*** Opening EXTRACTED MATERIAL ***

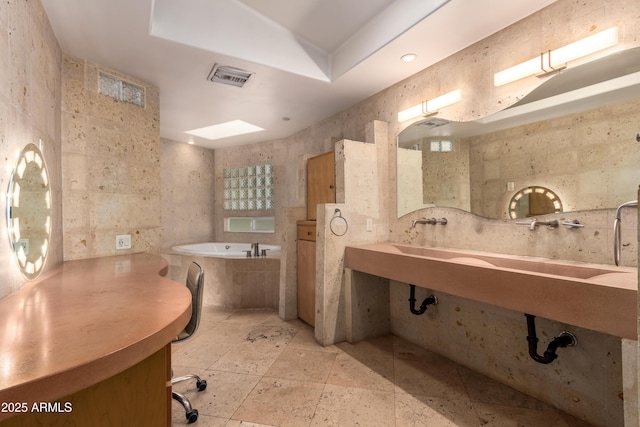 bathroom featuring tile walls, sink, and tiled bath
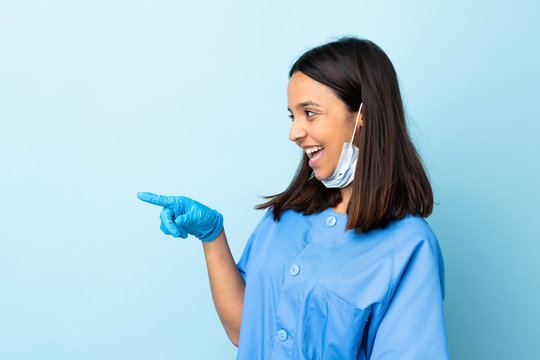 Surgeon woman over isolated blue background pointing finger to the side and presenting a product
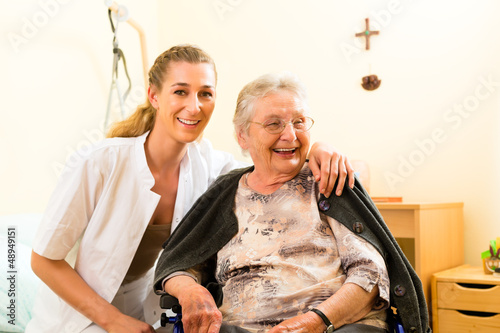 Photo: Young nurse and female senior in nursing home Young nurse and female senior in nursing home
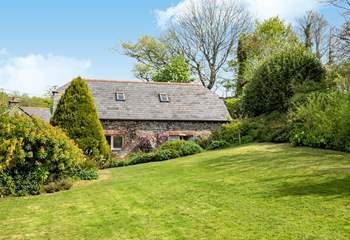 Bumblebee Cottage sits to the right-hand side of the property, one of a few barn conversions set around the original farm
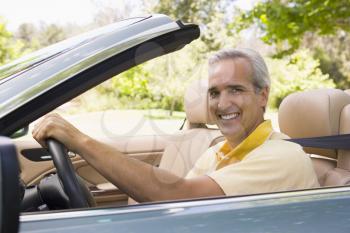 Royalty Free Photo of a Man in a Convertible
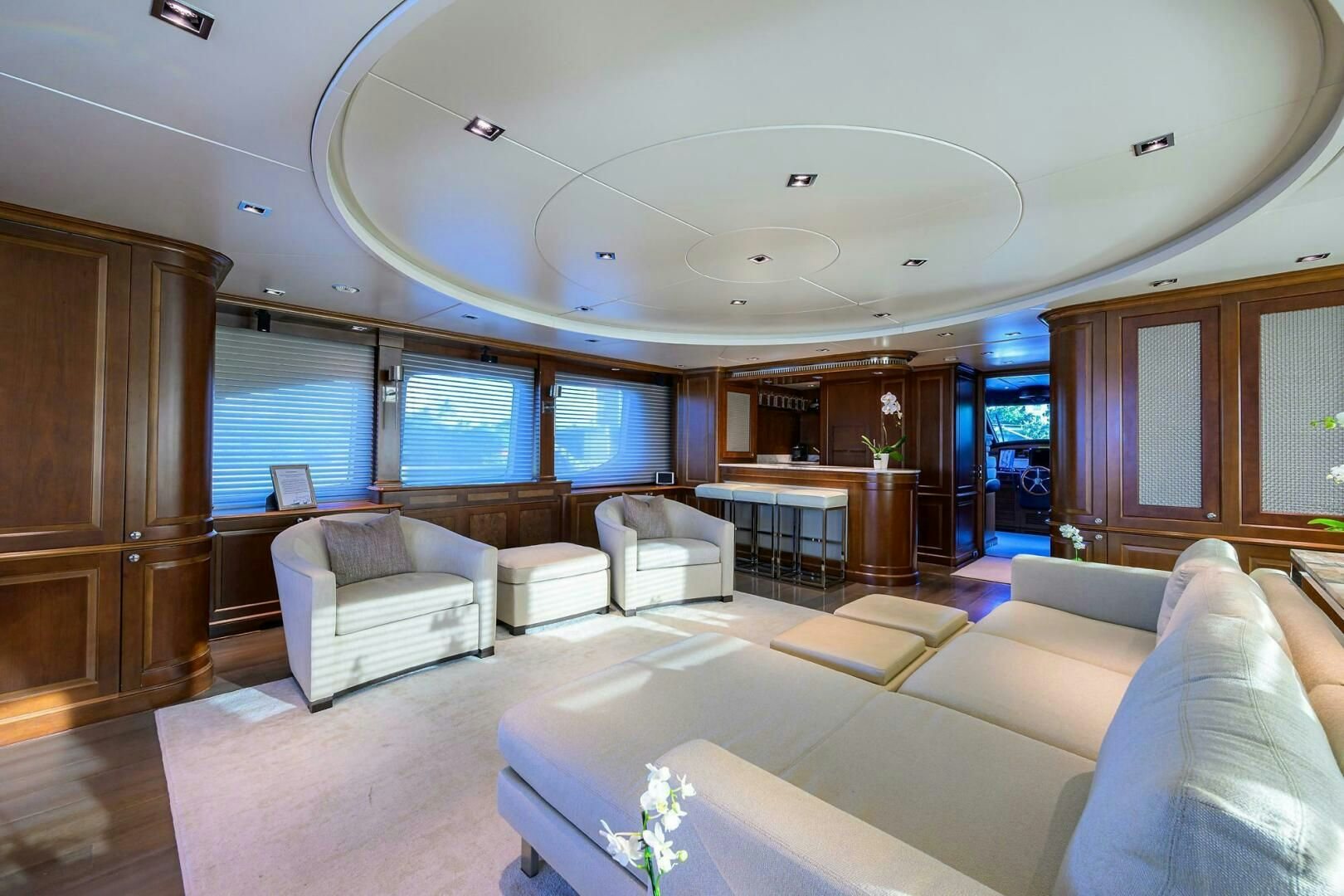 a room with couches and a television aboard ARTHUR’S WAY Yacht for Sale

*** Closing EXTRACTED MATERIAL ***

TASK DIRECTIONS
Print exactly the lines from the first line of the records above through the line containing "Royalty Free Photo of a Man in a Convertible", leaving out the pictures.

TASK RESULT
 bathroom featuring tile walls, sink, and tiled bath
 Surgeon woman over isolated blue background pointing finger to the side and presenting a product
 Photo: Young nurse and female senior in nursing home Young nurse and female senior in nursing home
 Bumblebee Cottage sits to the right-hand side of the property, one of a few barn conversions set around the original farm
 Royalty Free Photo of a Man in a Convertible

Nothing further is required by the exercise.